Sorry if this is the wrong comm, but I had to get this off my chest. I am so sick and tired of dealing with bi-erasure. I am a bisexual man who is I'd say 90% attracted to women and 10% attracted to men. Best I can explain it, I am mostly attracted to women and occasionally attracted to a man. It really is that simple, but for a lot of people I might as well be explaining calculus. I understand if most straight people can't fathom it, after all they are straight. But what really irks me is when other LGBT people erase it, telling me I am "in the closet" or whatever. It makes me so damn angry because I am not in the closet, I am open about my bisexuality, yet no one believes it. I have only dated women, but everyone in my life off and online including my gf who herself is LGBTQ+ thinks I am gay. I'm so sick of it I think I'll either just tell people I am straight or become gay.

  • TreadOnMe [none/use name]
    ·
    1 year ago

    It's not that surprising. Try asking a grounded conventionally attractive straight woman to give online dating advice to a grounded conventionally attractive straight man and watch how the difference in lived experience just grinds the conversation to a halt teetering on the edge of mutual recriminations. The amount of times I've heard women tell men to 'try dating themselves first' (which is what they are already doing, dinner and treats etc.) is honestly hilarious.

    People, for the most part, don't really go out of their way to imagine what the lives of other people are like, and therefore are only really able to empathize with people who share common backgrounds and experiences with them. As soon as they are confronted with real, substantial differences they just start to assume that the other party is lying, or exaggerating their problem.
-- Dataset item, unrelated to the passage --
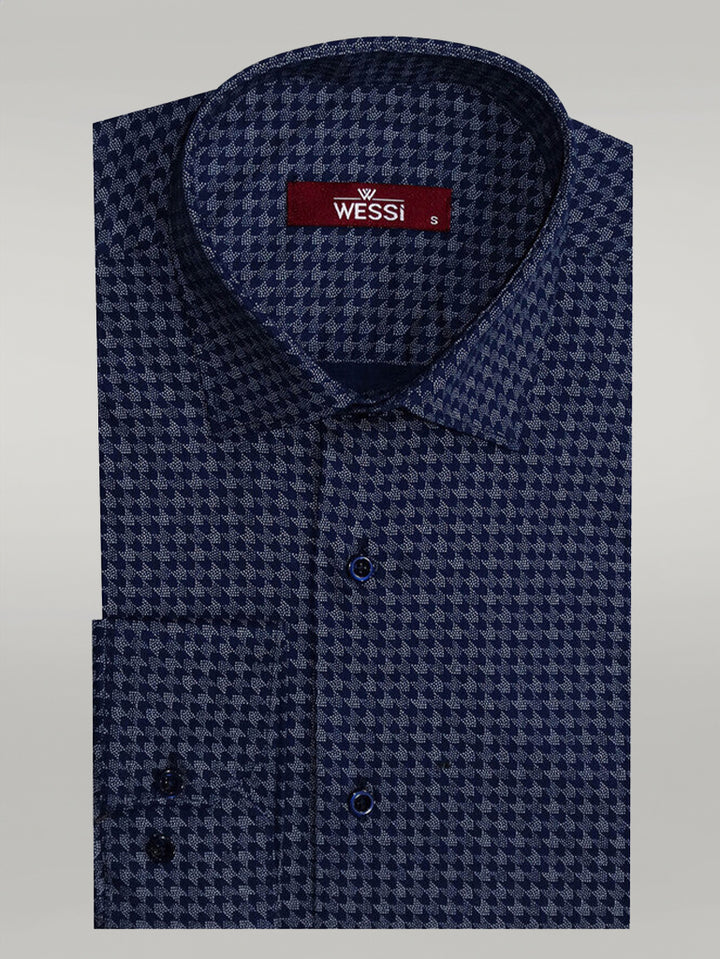 Camisa Hombre Patrón Pata De Gallo Slim Fit Azul Marino - Wessi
There is just a complete lack of trust and zero communication skills. Nearly total alienation.

    Try adding in stuff like gender and sexuality and it just becomes an even more complex gradiated nightmare. Not that it should be if ignored, but it is a huge Gordian knot for modern discourse.

      • TreadOnMe [none/use name]
        ·
        1 year ago

        Exactly! And, importantly, this social set-up is also mentally punishing for those that do their best to empathize because their genuine attempts to empathize are rebuffed with hostility or 'seen as weird', which is painful for those that are attempting genuine interactions.

          • TreadOnMe [none/use name]
            ·
            1 year ago

            Lol, thanks. I was born with and have mastered one skill and that is multi-media observation with interpersonal and societal analysis.

            To quote the great Glenn Braca, I'd sell out anytime but nobody is buying.

        • Frank [he/him, he/him]
          ·
          1 year ago

          Word. The complete disinterest in empathy and understanding the Other that is so common in the real world is mentally scarring. Finding out so many people are totally indifferent to the suffering of people who aren't just like them hurts, and it keeps hurting every time I encounter it.